> **REQUIRED ACTION**
Without its pictures, the listing below is to be transcribed exactly.

----- MATERIAL PROVIDED -----

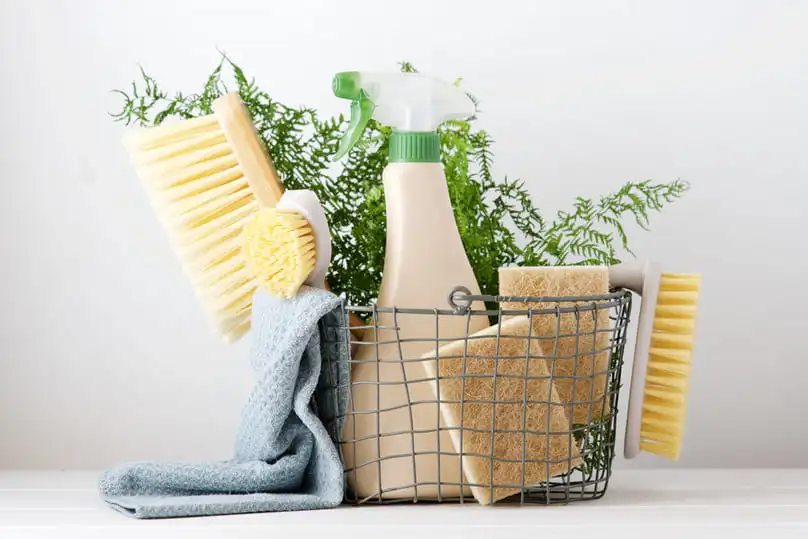 A wire basket holds non-toxic cleaning products, brushes, and sponges with a green plant.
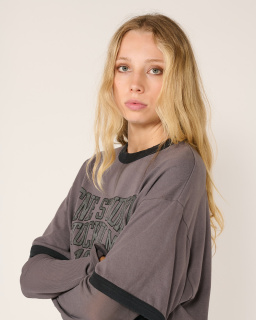 Acne Studios - T-shirt Imprimé Universitaire - Violet/Noir - allanjoseph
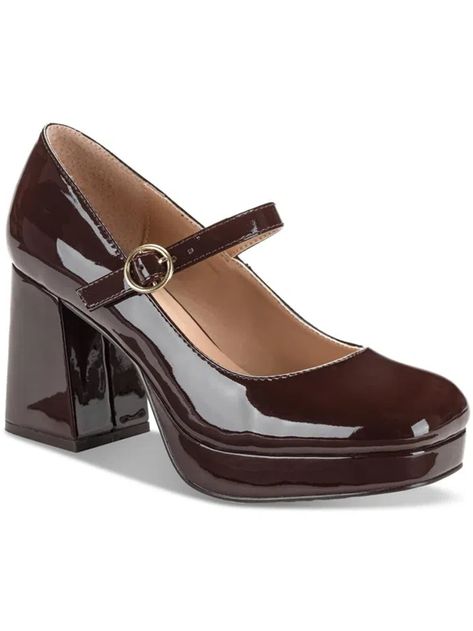 Sun + Stone Vaneciaa Womens Round Toe Slip On Mary Jane Heels In Wine Pat | ModeSens Brown Mary Jane Heels, Brown Mary Janes, Sun Stone, Mary Jane Pumps, Mary Jane Heels, Mary Jane Shoes, Platform Pumps, Platform Shoes, Cute Shoes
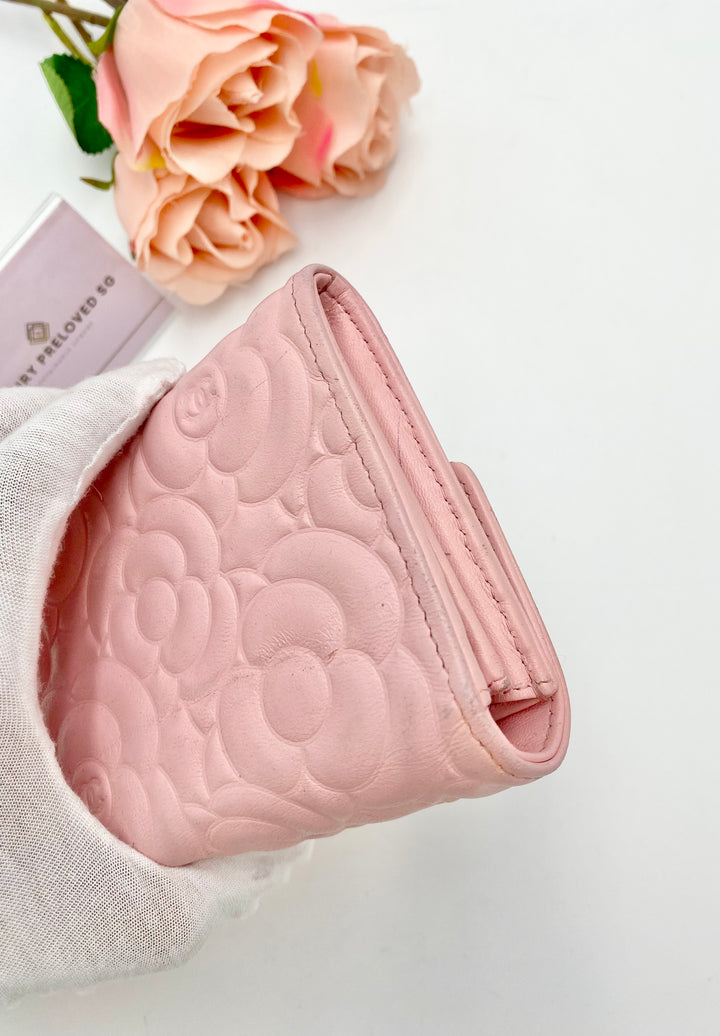 CHANEL CAVIAR CAMELLIA EMBOSSED WALLET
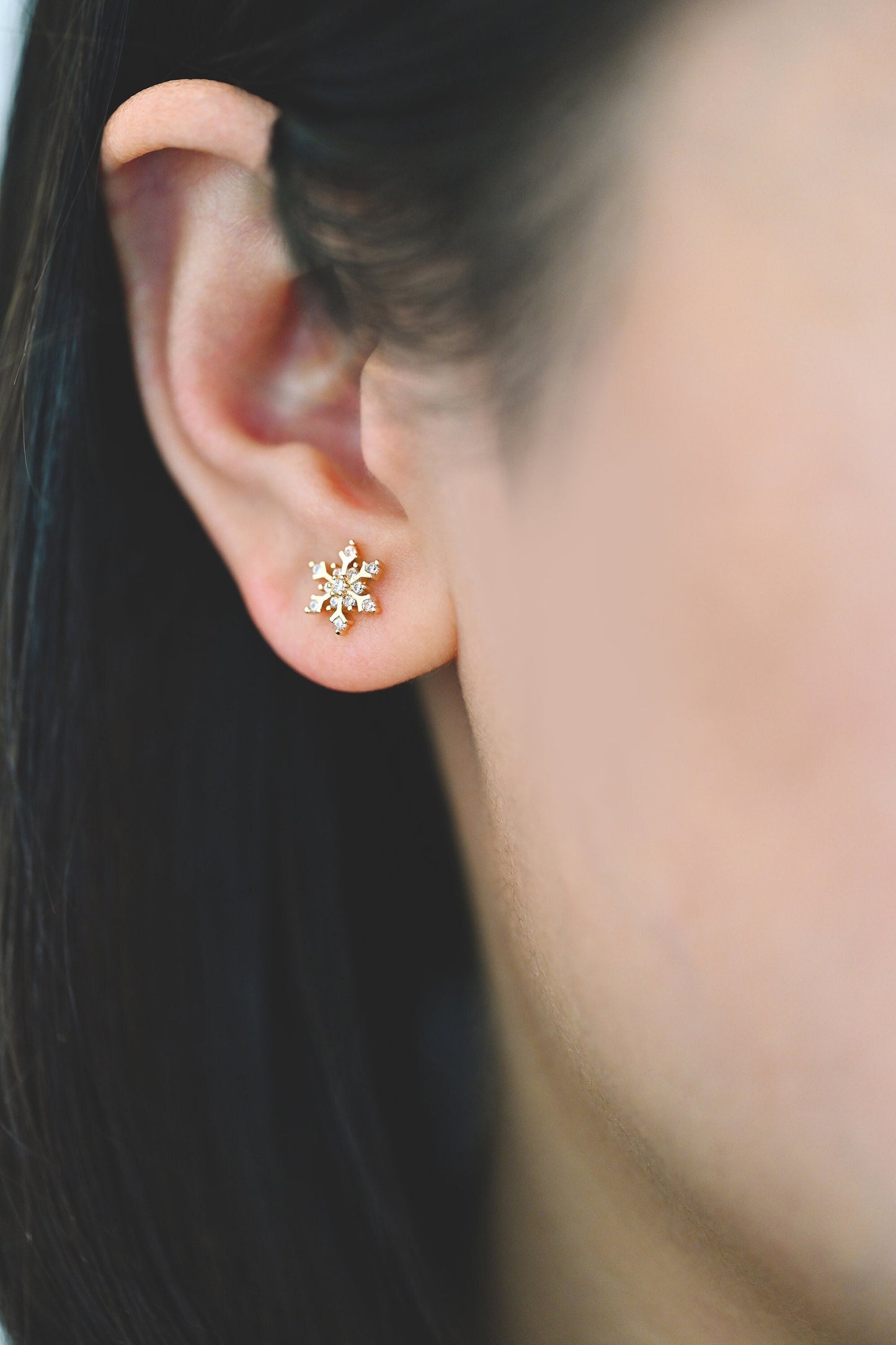 10pcs CZ Pave Gold/ Silver Snowflake Earrings, Gold/ Rhodium plated Brass, Dainty Christmas Earrings (GB-4151)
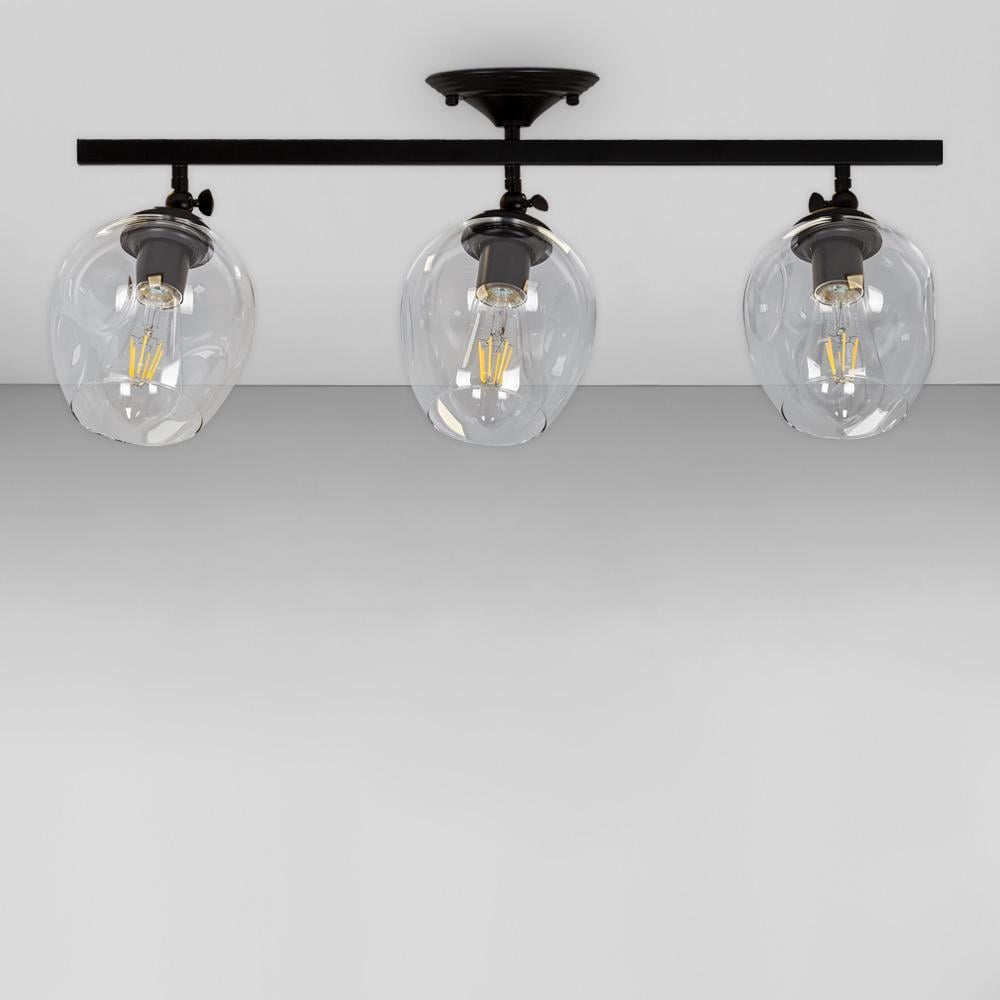 Люстра потолочная лофт Light House LS-18142F-3 BK/CL Черный/Прозрачный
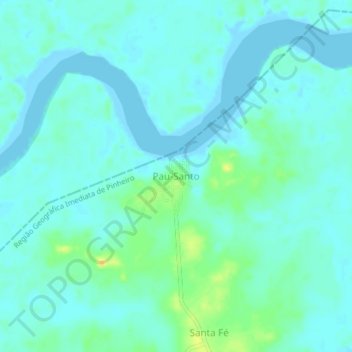 Mapa topográfico Pau-Santo, altitude, relevo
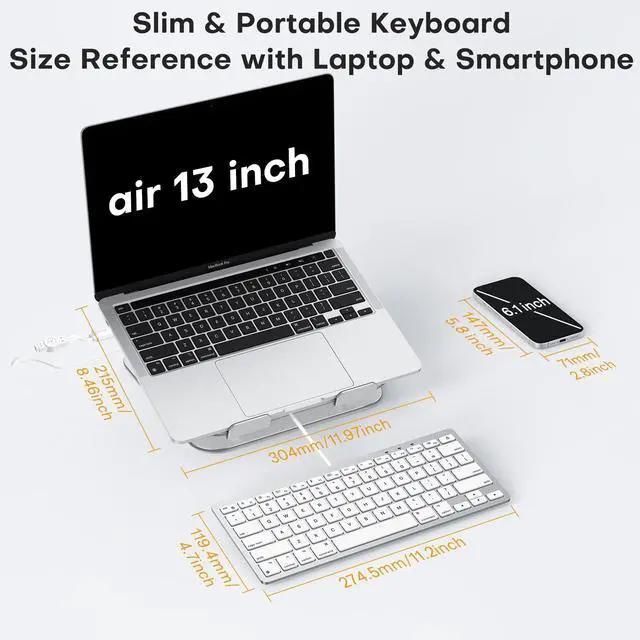 Alt view image 3 of 7 - Wired Keyboard for Mac Users, 1 Cable with 2 Independent USB-C & USB-A Connectors, 78-Key Compact Keyboard with Scissor-Key for MacBook Neo/Pro/Air 13-16, Mac mini/Pro, iMac, MacOS 11.3+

-----

> **SOLUTION TO THE PROBLEM**
 A wire basket holds non-toxic cleaning products, brushes, and sponges with a green plant.
 Acne Studios - T-shirt Imprimé Universitaire - Violet/Noir - allanjoseph
 Sun + Stone Vaneciaa Womens Round Toe Slip On Mary Jane Heels In Wine Pat | ModeSens Brown Mary Jane Heels, Brown Mary Janes, Sun Stone, Mary Jane Pumps, Mary Jane Heels, Mary Jane Shoes, Platform Pumps, Platform Shoes, Cute Shoes
 CHANEL CAVIAR CAMELLIA EMBOSSED WALLET
 10pcs CZ Pave Gold/ Silver Snowflake Earrings, Gold/ Rhodium plated Brass, Dainty Christmas Earrings (GB-4151)
 Люстра потолочная лофт Light House LS-18142F-3 BK/CL Черный/Прозрачный
 Mapa topográfico Pau-Santo, altitude, relevo
 Alt view image 3 of 7 - Wired Keyboard for Mac Users, 1 Cable with 2 Independent USB-C & USB-A Connectors, 78-Key Compact Keyboard with Scissor-Key for MacBook Neo/Pro/Air 13-16, Mac mini/Pro, iMac, MacOS 11.3+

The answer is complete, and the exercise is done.